# Task material
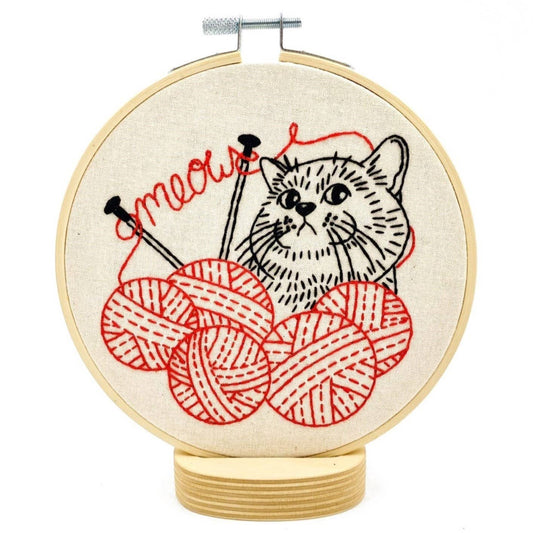 Kitten avec kit complet de broderie au tricot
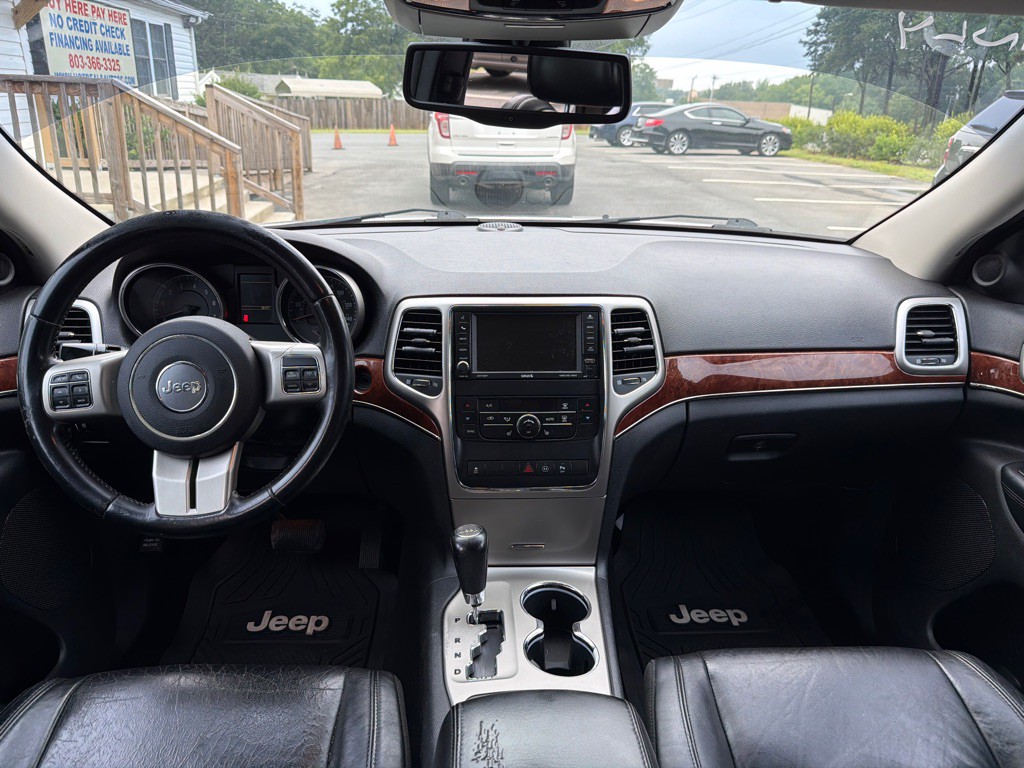 2012 Jeep Grand Cherokee Image 18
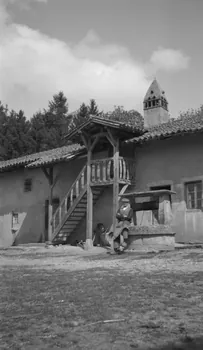 Parmeland photographie MNATP. Enquête à Romenay Bourgogne, France 1943/4/12 Ph.1943.147.32 Photo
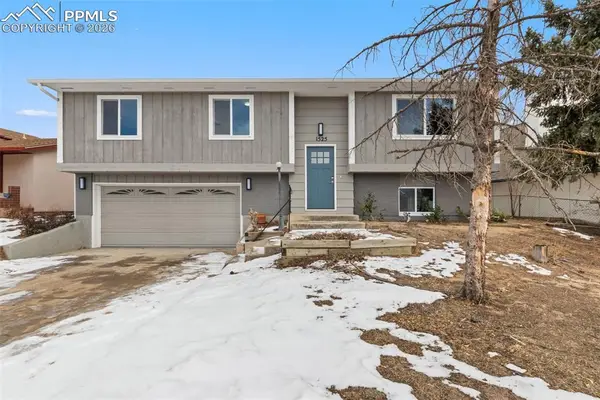 1525 Jet Wing Drive, Colorado Springs, CO 80916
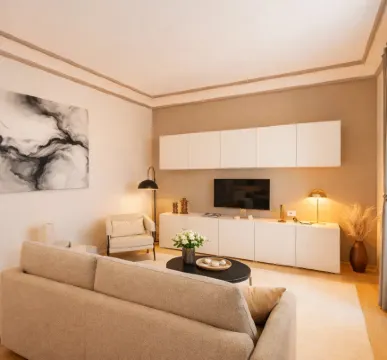 Brand new Champs-Elysées apartment with lift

# What the task requires
Would you write each entry out again exactly, omitting the images?

# Response
 Kitten avec kit complet de broderie au tricot
 2012 Jeep Grand Cherokee Image 18
 Parmeland photographie MNATP. Enquête à Romenay Bourgogne, France 1943/4/12 Ph.1943.147.32 Photo
 1525 Jet Wing Drive, Colorado Springs, CO 80916
 Brand new Champs-Elysées apartment with lift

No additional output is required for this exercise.